Task to complete:
Look below for the lines from the one with "乔丹断码女童加绒面包鞋儿童棉鞋2023秋冬款男童皮靴菱形格小女孩" to the one with "ヴァイスシュヴァルツmarvel vol.3 SR、RRR以下4コン", and copy exactly those lines, both ends included.

Source material:
::::

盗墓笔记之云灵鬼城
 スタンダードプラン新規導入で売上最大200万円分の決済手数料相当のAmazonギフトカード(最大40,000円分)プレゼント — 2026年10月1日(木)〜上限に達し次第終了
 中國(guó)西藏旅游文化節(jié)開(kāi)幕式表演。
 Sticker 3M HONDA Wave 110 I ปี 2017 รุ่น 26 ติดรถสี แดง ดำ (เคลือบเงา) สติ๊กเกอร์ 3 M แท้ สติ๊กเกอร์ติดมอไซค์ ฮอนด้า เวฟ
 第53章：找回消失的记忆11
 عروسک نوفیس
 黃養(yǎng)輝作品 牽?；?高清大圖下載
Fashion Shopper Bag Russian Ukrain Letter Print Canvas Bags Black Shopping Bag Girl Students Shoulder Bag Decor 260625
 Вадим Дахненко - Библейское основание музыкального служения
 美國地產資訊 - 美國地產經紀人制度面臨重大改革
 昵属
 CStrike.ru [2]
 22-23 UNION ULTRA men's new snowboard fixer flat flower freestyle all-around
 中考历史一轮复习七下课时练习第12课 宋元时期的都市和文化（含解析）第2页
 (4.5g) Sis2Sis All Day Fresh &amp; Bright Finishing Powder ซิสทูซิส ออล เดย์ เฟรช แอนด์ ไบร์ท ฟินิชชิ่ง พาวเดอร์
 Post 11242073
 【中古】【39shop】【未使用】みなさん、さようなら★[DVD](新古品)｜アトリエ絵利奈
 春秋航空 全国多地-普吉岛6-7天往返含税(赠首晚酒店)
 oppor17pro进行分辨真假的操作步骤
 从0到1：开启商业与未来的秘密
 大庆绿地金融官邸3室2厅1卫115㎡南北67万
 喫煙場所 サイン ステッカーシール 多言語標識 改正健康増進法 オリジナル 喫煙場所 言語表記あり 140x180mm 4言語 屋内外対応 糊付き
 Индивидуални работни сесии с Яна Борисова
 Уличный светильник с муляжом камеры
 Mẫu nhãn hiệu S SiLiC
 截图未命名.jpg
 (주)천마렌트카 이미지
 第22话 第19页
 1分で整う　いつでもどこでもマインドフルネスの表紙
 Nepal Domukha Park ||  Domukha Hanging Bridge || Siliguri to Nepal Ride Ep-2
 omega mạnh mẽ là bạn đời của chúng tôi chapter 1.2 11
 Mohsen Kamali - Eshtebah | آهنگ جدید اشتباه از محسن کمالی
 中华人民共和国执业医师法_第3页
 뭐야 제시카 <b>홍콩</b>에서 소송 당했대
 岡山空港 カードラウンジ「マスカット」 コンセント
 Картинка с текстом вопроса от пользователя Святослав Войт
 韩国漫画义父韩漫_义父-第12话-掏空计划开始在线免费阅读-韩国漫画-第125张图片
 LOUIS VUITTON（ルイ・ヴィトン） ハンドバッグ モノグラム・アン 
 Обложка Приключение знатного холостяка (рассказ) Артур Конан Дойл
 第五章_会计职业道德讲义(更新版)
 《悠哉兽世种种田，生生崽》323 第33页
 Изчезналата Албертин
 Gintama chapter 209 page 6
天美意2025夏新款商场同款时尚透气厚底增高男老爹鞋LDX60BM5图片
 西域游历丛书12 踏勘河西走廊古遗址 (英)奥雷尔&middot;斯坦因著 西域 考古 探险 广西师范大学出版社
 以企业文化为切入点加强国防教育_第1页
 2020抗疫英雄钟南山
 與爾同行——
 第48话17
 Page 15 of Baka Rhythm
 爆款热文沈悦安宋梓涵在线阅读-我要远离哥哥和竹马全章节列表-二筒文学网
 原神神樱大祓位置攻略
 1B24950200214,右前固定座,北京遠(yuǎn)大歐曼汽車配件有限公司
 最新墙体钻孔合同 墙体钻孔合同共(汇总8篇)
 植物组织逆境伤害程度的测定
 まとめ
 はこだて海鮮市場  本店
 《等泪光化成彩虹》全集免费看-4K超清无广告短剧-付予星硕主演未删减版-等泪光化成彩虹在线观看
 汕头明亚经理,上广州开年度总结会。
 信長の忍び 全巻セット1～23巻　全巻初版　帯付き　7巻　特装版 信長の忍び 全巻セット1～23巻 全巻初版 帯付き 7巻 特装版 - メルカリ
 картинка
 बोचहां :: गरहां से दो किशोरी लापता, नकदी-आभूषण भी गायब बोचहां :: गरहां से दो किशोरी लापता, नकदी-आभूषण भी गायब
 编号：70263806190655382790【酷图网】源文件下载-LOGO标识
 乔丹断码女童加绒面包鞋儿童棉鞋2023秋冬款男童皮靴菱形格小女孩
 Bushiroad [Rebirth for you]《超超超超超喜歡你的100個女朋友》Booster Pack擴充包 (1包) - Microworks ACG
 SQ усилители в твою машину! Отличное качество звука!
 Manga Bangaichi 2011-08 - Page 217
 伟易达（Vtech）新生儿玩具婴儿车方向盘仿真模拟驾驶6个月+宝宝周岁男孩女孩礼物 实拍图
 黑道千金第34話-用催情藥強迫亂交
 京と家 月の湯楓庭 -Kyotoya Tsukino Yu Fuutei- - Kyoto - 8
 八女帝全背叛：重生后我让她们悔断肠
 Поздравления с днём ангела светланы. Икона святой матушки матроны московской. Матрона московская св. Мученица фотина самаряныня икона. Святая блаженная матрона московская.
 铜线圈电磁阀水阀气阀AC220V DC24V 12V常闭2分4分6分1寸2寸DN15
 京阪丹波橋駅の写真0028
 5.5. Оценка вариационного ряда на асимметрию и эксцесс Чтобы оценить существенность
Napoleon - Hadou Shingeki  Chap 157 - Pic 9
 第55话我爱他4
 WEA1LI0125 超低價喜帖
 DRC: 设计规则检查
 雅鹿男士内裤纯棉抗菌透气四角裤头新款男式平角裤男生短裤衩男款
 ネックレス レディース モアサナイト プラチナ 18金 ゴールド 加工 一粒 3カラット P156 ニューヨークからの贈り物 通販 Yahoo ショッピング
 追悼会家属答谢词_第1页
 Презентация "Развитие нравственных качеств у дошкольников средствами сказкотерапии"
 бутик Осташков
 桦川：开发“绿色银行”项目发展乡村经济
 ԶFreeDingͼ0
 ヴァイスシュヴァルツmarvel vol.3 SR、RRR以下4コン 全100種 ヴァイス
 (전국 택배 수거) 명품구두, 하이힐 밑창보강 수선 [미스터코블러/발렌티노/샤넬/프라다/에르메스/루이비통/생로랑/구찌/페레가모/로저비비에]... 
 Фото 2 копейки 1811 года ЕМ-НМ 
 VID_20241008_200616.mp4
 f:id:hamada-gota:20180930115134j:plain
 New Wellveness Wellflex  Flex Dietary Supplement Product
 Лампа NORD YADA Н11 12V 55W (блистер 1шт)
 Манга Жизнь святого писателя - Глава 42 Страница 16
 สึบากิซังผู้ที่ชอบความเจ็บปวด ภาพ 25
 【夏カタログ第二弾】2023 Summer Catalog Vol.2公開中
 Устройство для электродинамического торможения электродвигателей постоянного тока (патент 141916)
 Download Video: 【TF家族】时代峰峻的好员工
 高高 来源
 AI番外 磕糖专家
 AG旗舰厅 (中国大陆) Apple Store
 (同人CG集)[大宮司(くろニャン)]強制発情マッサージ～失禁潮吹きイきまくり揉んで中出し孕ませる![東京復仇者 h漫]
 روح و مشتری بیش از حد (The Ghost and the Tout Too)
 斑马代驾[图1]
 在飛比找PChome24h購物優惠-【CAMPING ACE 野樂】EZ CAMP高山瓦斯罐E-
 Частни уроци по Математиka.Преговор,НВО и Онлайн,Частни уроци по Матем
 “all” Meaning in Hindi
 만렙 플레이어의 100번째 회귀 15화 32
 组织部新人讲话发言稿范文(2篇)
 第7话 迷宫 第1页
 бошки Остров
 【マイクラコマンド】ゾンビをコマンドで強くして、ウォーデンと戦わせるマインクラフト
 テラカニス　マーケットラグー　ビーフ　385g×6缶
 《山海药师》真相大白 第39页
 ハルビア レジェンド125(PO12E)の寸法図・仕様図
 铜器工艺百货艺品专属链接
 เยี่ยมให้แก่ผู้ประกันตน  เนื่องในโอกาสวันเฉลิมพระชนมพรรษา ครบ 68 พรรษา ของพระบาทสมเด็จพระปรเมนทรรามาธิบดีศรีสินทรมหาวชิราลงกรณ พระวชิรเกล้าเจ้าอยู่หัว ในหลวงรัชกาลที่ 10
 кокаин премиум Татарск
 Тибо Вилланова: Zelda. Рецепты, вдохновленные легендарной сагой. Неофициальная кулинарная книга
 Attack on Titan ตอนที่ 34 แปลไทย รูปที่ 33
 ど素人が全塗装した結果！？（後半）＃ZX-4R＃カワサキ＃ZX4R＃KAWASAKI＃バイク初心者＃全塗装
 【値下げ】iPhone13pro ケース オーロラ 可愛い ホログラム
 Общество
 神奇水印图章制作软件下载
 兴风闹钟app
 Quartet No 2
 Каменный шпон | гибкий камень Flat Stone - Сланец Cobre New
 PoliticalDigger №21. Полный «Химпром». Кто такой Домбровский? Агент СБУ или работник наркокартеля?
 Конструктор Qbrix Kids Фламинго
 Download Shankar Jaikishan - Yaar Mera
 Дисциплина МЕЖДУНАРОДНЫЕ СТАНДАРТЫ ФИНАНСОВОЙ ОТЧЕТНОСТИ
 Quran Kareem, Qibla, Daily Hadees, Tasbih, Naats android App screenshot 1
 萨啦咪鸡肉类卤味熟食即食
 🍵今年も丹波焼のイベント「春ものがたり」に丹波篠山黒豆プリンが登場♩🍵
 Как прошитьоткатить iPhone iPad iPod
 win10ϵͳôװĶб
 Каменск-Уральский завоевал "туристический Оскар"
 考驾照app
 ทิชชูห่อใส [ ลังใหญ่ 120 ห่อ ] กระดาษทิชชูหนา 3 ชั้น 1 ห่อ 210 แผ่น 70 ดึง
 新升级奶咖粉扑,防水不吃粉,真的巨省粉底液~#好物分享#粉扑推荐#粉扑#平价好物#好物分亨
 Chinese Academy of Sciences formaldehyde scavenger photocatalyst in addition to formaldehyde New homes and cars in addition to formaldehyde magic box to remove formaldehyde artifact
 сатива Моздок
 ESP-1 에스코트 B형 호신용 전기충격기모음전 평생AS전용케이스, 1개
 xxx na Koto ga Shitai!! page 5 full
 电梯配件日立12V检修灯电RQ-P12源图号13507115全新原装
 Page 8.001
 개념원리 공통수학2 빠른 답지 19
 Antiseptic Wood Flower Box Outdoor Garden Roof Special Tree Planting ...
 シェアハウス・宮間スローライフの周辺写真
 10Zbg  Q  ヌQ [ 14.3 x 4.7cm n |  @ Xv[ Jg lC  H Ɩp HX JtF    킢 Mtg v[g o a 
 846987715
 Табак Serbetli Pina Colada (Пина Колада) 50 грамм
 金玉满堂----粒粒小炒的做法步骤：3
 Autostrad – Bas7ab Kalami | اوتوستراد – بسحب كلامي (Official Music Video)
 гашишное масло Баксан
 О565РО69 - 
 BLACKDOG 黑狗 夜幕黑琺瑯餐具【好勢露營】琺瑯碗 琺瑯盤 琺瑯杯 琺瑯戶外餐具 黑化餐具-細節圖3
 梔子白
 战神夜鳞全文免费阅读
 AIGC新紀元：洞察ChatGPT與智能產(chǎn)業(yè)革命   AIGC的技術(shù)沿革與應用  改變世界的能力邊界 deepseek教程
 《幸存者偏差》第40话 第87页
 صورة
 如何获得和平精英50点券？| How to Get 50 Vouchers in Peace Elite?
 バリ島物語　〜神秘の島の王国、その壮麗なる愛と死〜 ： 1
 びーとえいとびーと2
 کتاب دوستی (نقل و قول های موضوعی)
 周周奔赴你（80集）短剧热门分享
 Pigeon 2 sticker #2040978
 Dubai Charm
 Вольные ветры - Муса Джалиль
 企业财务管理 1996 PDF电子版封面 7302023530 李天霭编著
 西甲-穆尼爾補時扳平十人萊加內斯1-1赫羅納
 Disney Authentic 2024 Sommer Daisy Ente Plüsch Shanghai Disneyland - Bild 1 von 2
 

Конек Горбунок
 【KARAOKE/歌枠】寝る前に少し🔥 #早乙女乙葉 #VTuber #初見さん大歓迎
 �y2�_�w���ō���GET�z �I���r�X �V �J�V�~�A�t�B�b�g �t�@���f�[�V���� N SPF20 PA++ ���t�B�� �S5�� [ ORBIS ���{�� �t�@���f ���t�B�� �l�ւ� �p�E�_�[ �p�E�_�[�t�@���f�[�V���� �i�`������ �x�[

::::

Answer section:
 乔丹断码女童加绒面包鞋儿童棉鞋2023秋冬款男童皮靴菱形格小女孩
 Bushiroad [Rebirth for you]《超超超超超喜歡你的100個女朋友》Booster Pack擴充包 (1包) - Microworks ACG
 SQ усилители в твою машину! Отличное качество звука!
 Manga Bangaichi 2011-08 - Page 217
 伟易达（Vtech）新生儿玩具婴儿车方向盘仿真模拟驾驶6个月+宝宝周岁男孩女孩礼物 实拍图
 黑道千金第34話-用催情藥強迫亂交
 京と家 月の湯楓庭 -Kyotoya Tsukino Yu Fuutei- - Kyoto - 8
 八女帝全背叛：重生后我让她们悔断肠
 Поздравления с днём ангела светланы. Икона святой матушки матроны московской. Матрона московская св. Мученица фотина самаряныня икона. Святая блаженная матрона московская.
 铜线圈电磁阀水阀气阀AC220V DC24V 12V常闭2分4分6分1寸2寸DN15
 京阪丹波橋駅の写真0028
 5.5. Оценка вариационного ряда на асимметрию и эксцесс Чтобы оценить существенность
Napoleon - Hadou Shingeki  Chap 157 - Pic 9
 第55话我爱他4
 WEA1LI0125 超低價喜帖
 DRC: 设计规则检查
 雅鹿男士内裤纯棉抗菌透气四角裤头新款男式平角裤男生短裤衩男款
 ネックレス レディース モアサナイト プラチナ 18金 ゴールド 加工 一粒 3カラット P156 ニューヨークからの贈り物 通販 Yahoo ショッピング
 追悼会家属答谢词_第1页
 Презентация "Развитие нравственных качеств у дошкольников средствами сказкотерапии"
 бутик Осташков
 桦川：开发“绿色银行”项目发展乡村经济
 ԶFreeDingͼ0
 ヴァイスシュヴァルツmarvel vol.3 SR、RRR以下4コン 全100種 ヴァイス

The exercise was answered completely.